### Records for this task:
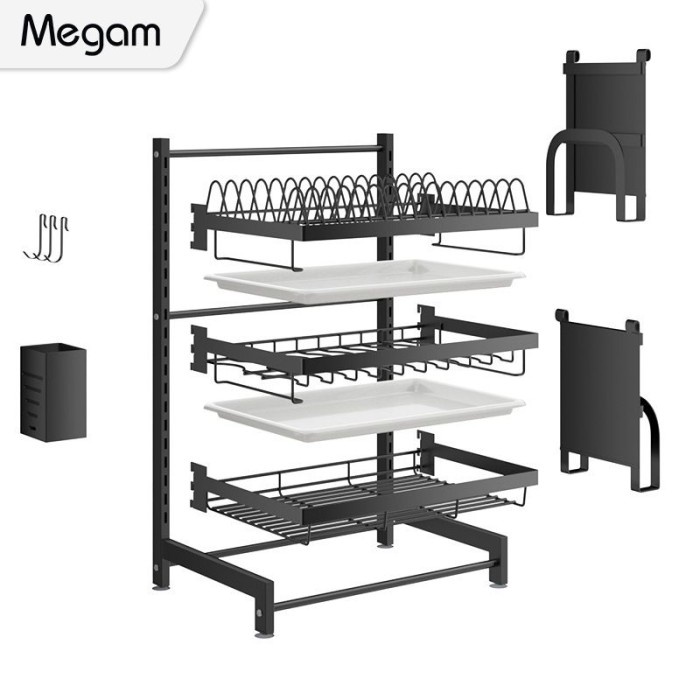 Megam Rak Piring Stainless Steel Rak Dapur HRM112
---
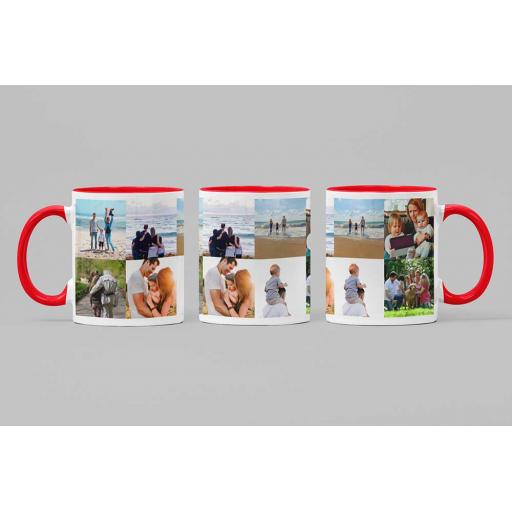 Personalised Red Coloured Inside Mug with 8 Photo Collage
* * *
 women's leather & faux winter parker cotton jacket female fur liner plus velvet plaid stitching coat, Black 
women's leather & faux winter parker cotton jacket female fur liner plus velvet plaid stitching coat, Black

### Aim of the task:
In the entries above, identify each line that includes the string "women", then copy it.

### Answer to this problem:
 women's leather & faux winter parker cotton jacket female fur liner plus velvet plaid stitching coat, Black 
women's leather & faux winter parker cotton jacket female fur liner plus velvet plaid stitching coat, Black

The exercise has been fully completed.